Q6_K version is broken
the Q6_K version seems broken, I got rubbish output from this model, not even readable. The Q8_0 version works just fine.
No problem with this on my end with mixtral-8x7b-instruct-v0.1.Q6_K.gguf.
i use oobabooga/text-generation-webui on a RTX 3060 12GB and it has about ~2 token/sec response speed.
I use "instruct" in chat. it is important.
hmm, any chance the model could break during downloading, I did experience some interruption because of the network, usually with the HF-cli I can resume downloading without any issue.
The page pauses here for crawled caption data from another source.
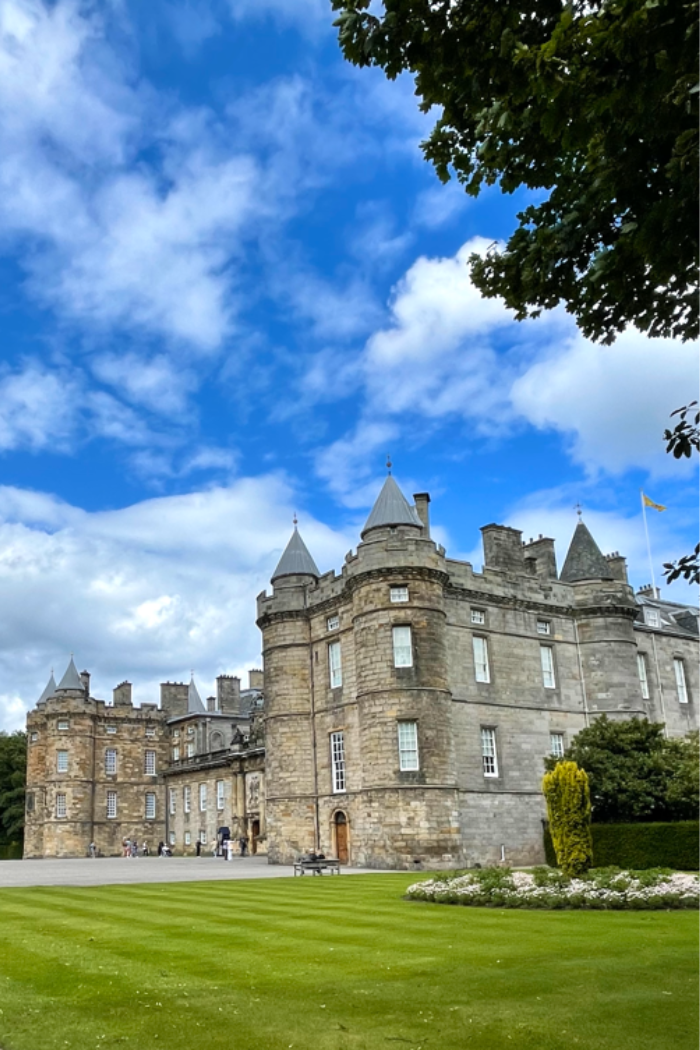 A Scottish Adventure: Exploring the Charms of Edinburgh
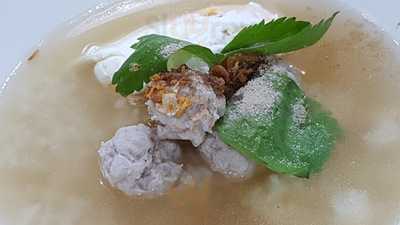 ก๋วยเตี๋ยวต้มยำลำไย Longan Noodle Soup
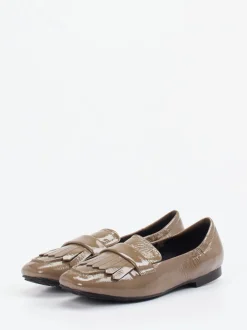 Andrea Puccini – Loafer aus Lackleder in Taupe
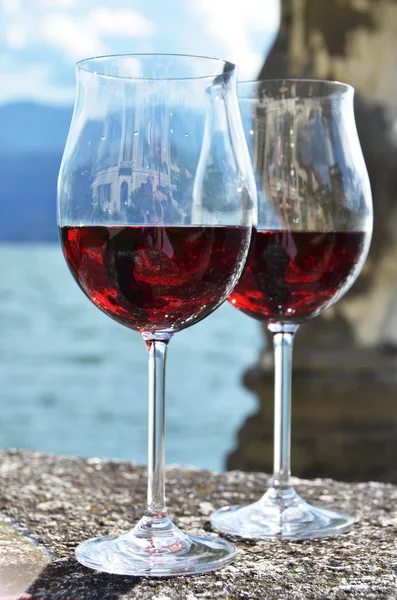 Two wineglasses against lake Como — Stock Photo, Image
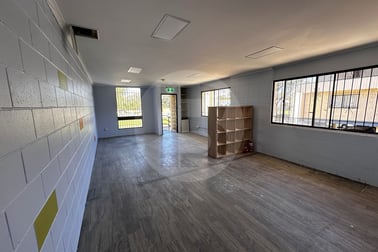 OFFICE 2/113 LONG STREET Smithfield NSW 2164 - Image 3
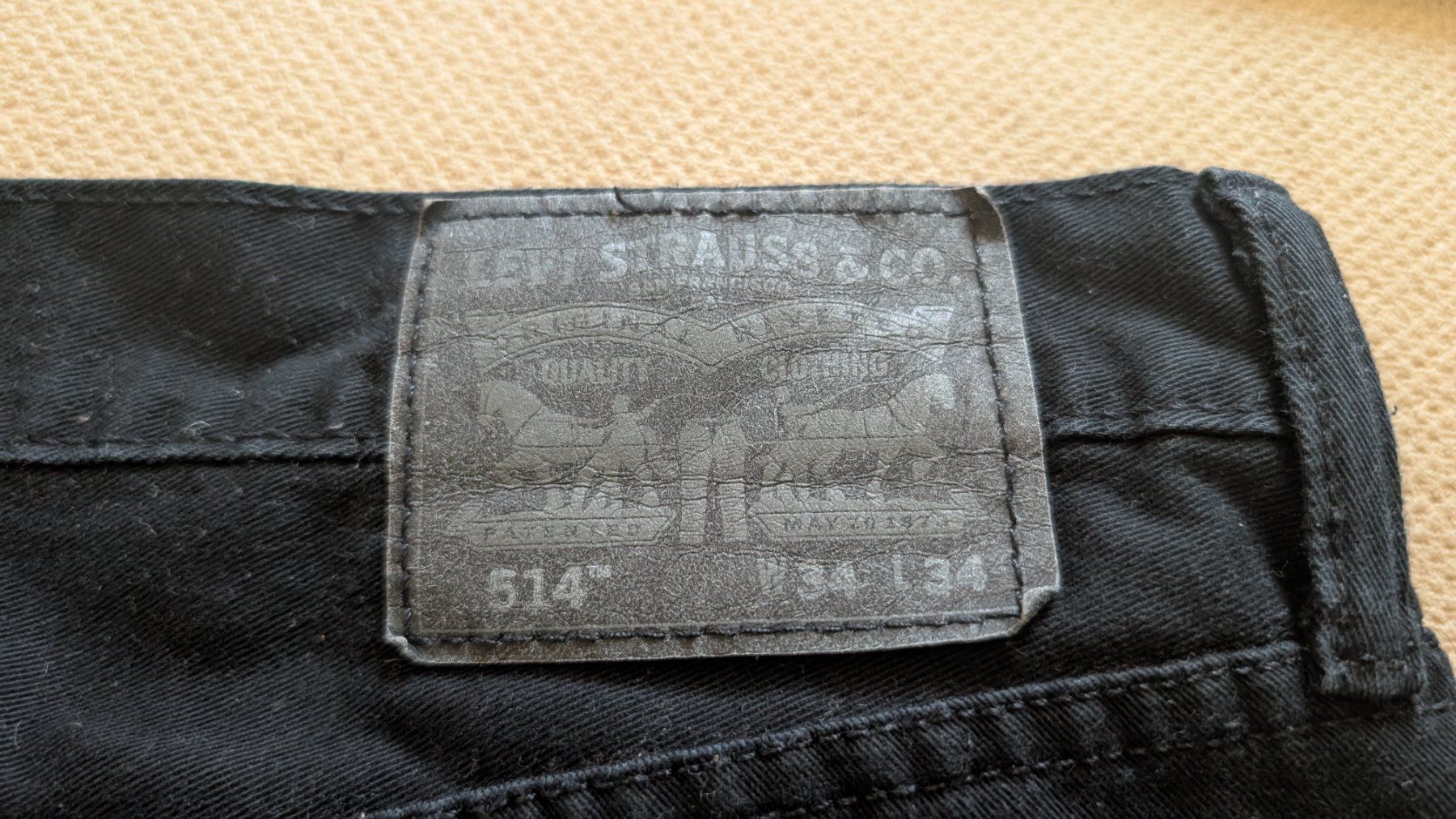 Levi's Jeans: Levi's 514 34/34 – D'occasion à COTTENS VD par Lunaebuyers 1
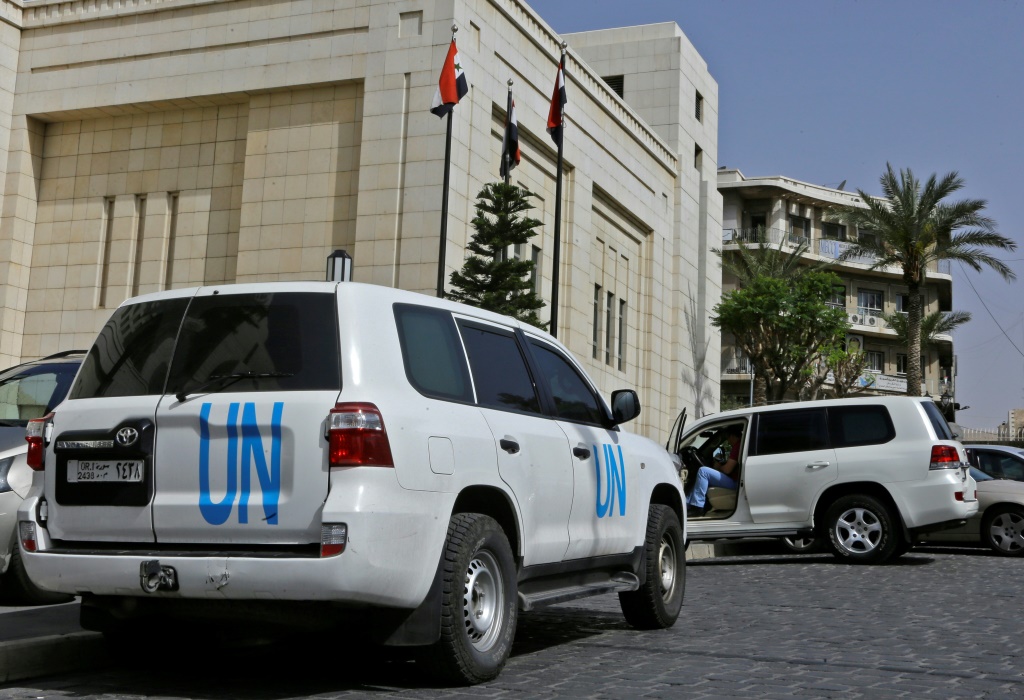 سيارة للأمم المتحدة خارج الفندق الذي نزل فيه خبراء من منظمة حظر الأسلحة الكيميائية (OPCW) في دمشق في 19 نيسان/أبريل 2018 (ا ف ب)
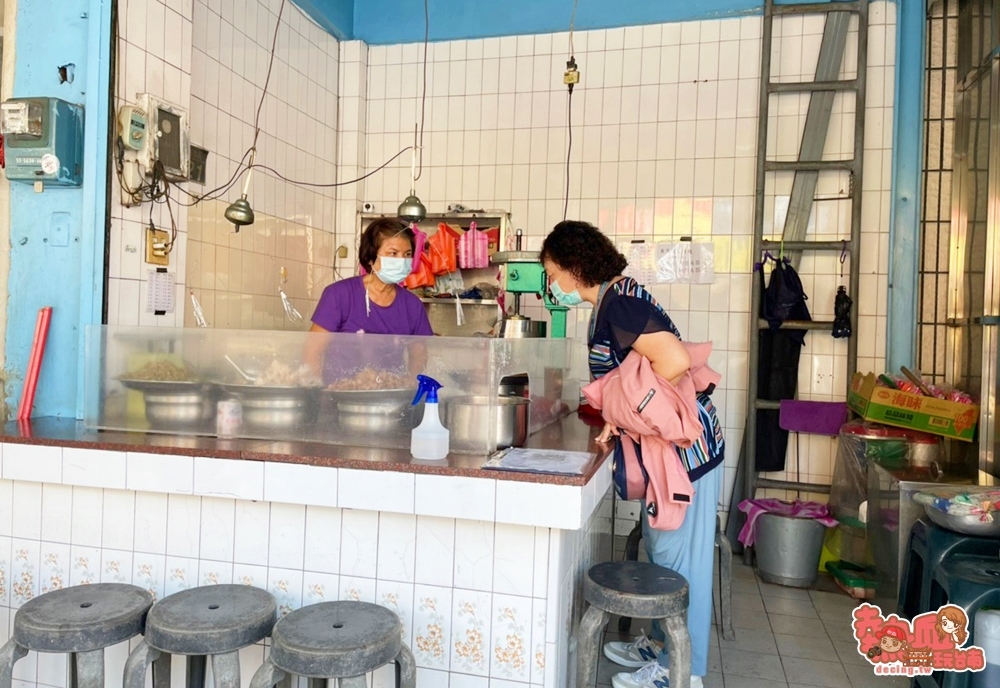【台南冰店】開業八十年的圓仔冰店！一碗35元料超多超實在，不吃真的對不起自己：安和路無名圓仔冰
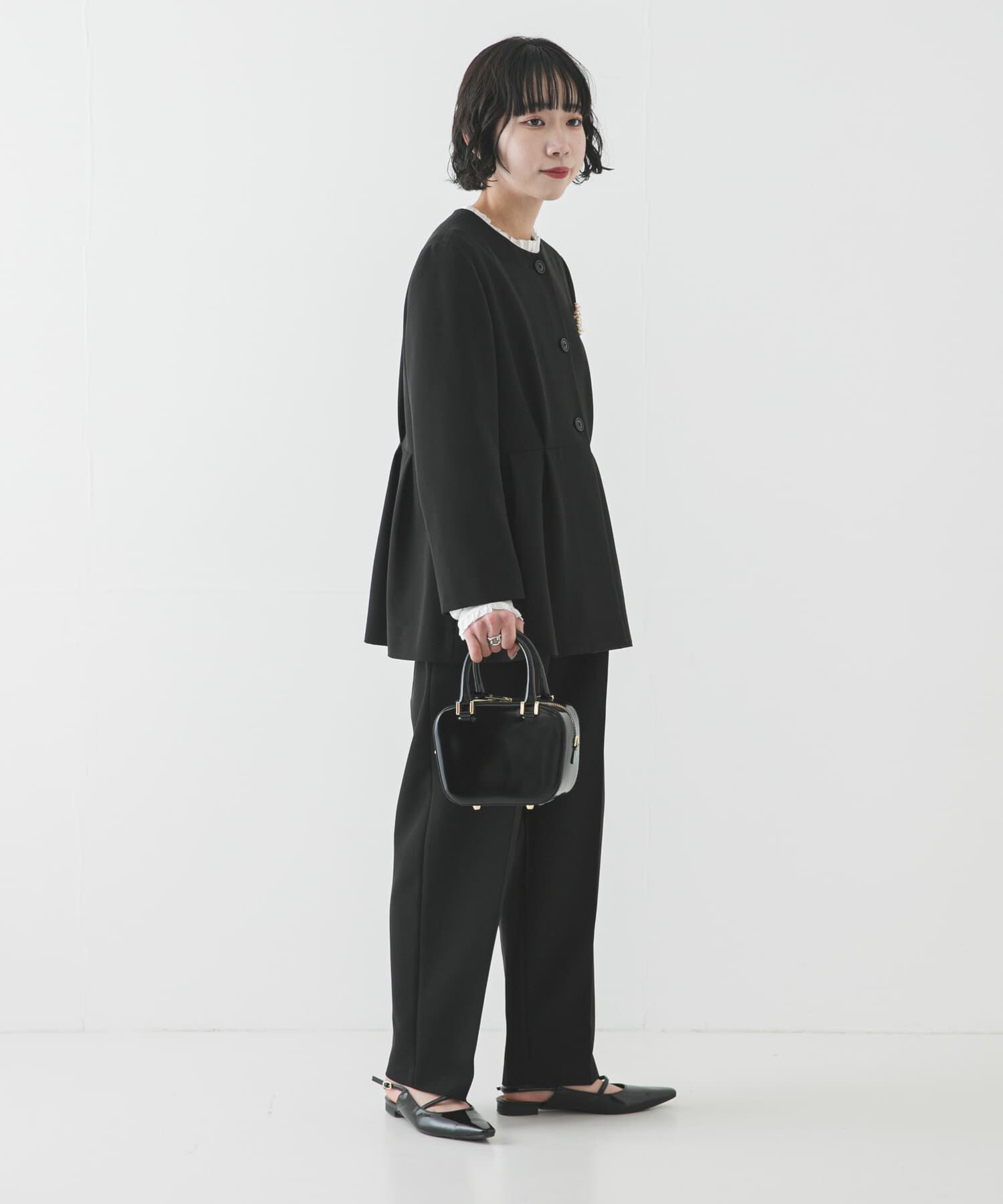 URBAN RESEARCH「ノーカラーペプラムジャケット」|ノーカラージャケット|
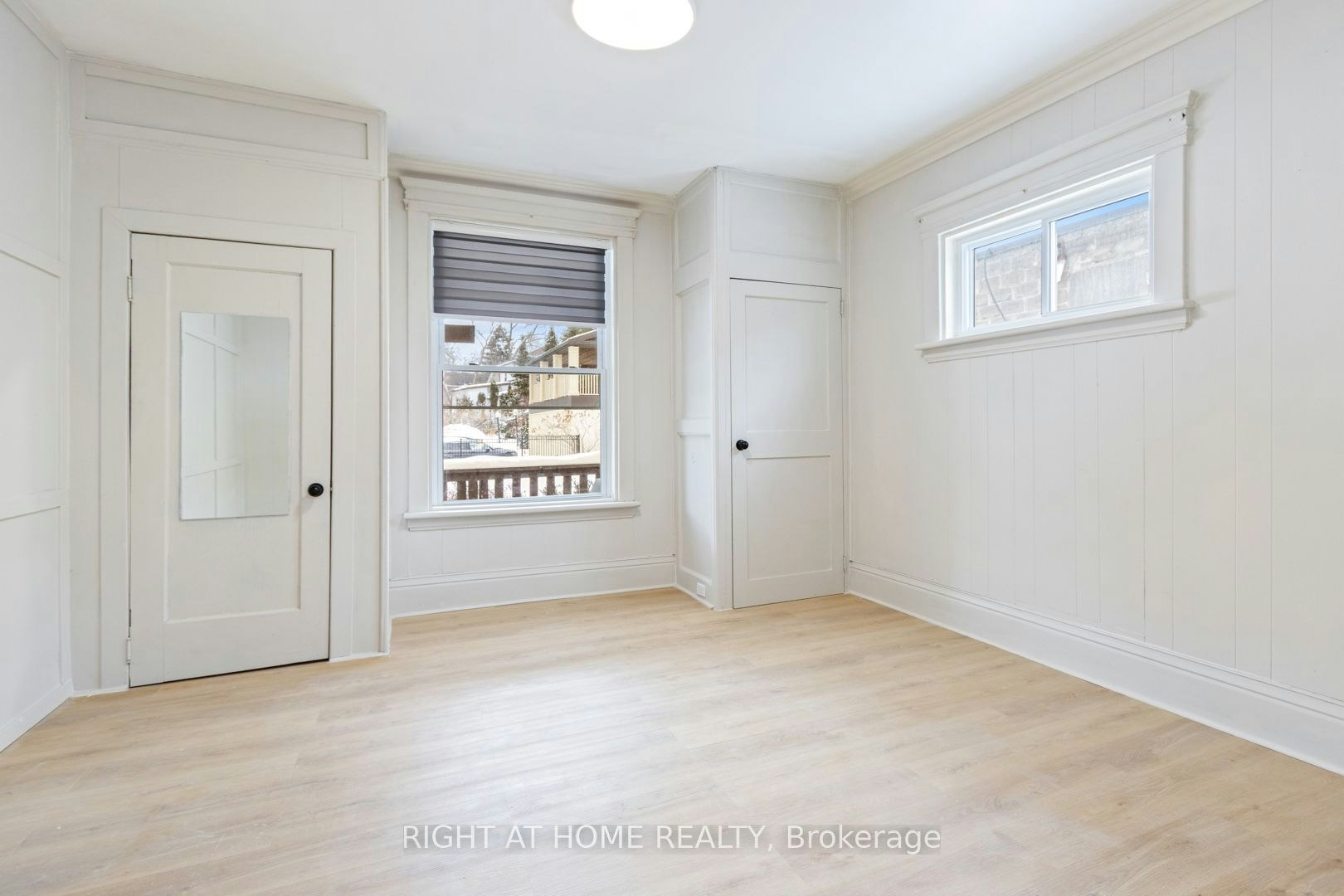 Main Floor-443 Ontario Street, Newmarket, ON, L3Y 2K6 - 16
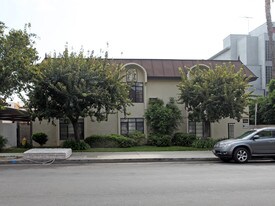Mon Leon in Northridge, CA - Building Photo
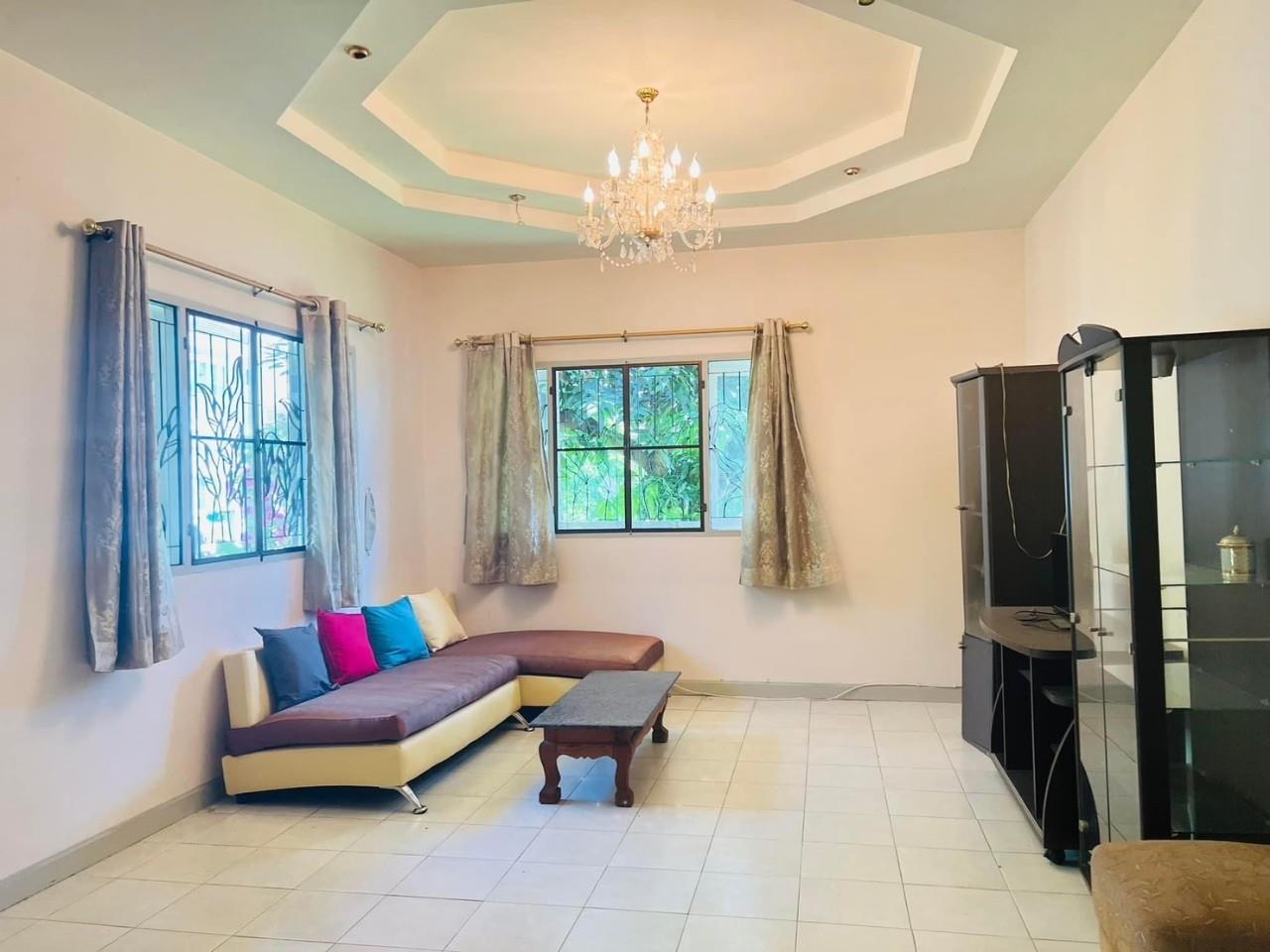  House for rent in San Sai zone near Central Festival.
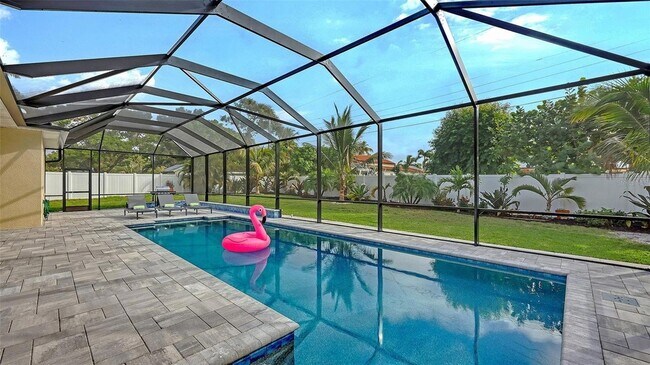 Building Photo - 1111 Mallorca Dr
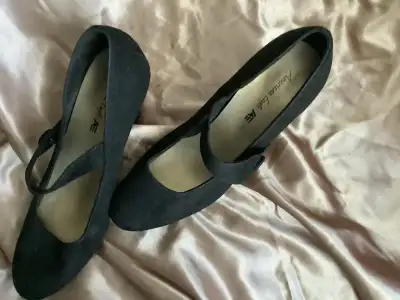 American Eagle Mary Jane heels PICK-UP ONLY Transcona area Make me an offer Ty I'm open to reasonabl...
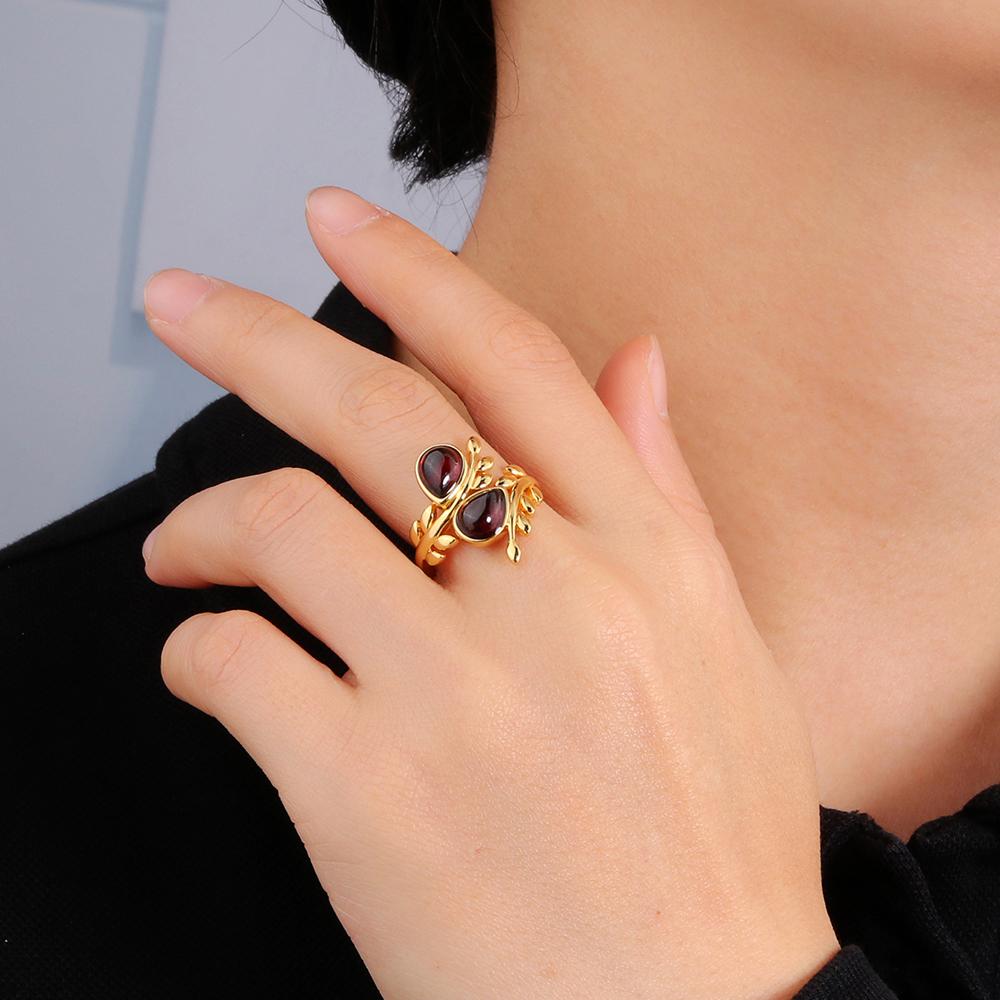 New Natural Garnet Gemstone Fancy Leaves Style Adorable Silver Ring for Women Engagement & Special Occasion Luxury Jewelry Gift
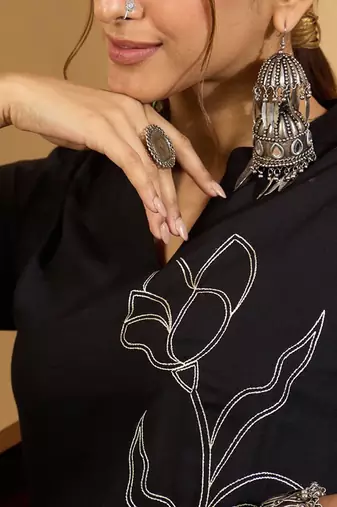 Black women floral embroidered v-neck kurta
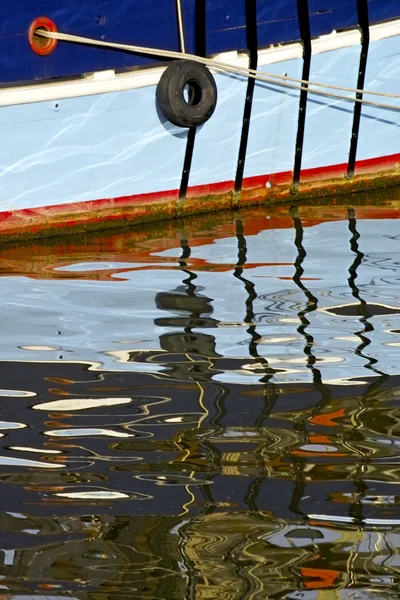Spiegelbild eines vor Anker liegenden Schiffes — Stockfoto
Not a prompting issue I'm sure, the llama.cpp command-line can load the model, but the output is not human-readable at all.
Anyway, thanks for the repo!
No problem with this on my end with mixtral-8x7b-instruct-v0.1.Q6_K.gguf.
i use oobabooga/text-generation-webui on a RTX 3060 12GB and it has about ~2 token/sec response speed.I use "instruct" in chat. it is important.
How much system RAM do you have? I have a 3060 12GB too and 16 GB RAM and last I had checked even Q4_M wouldn't work.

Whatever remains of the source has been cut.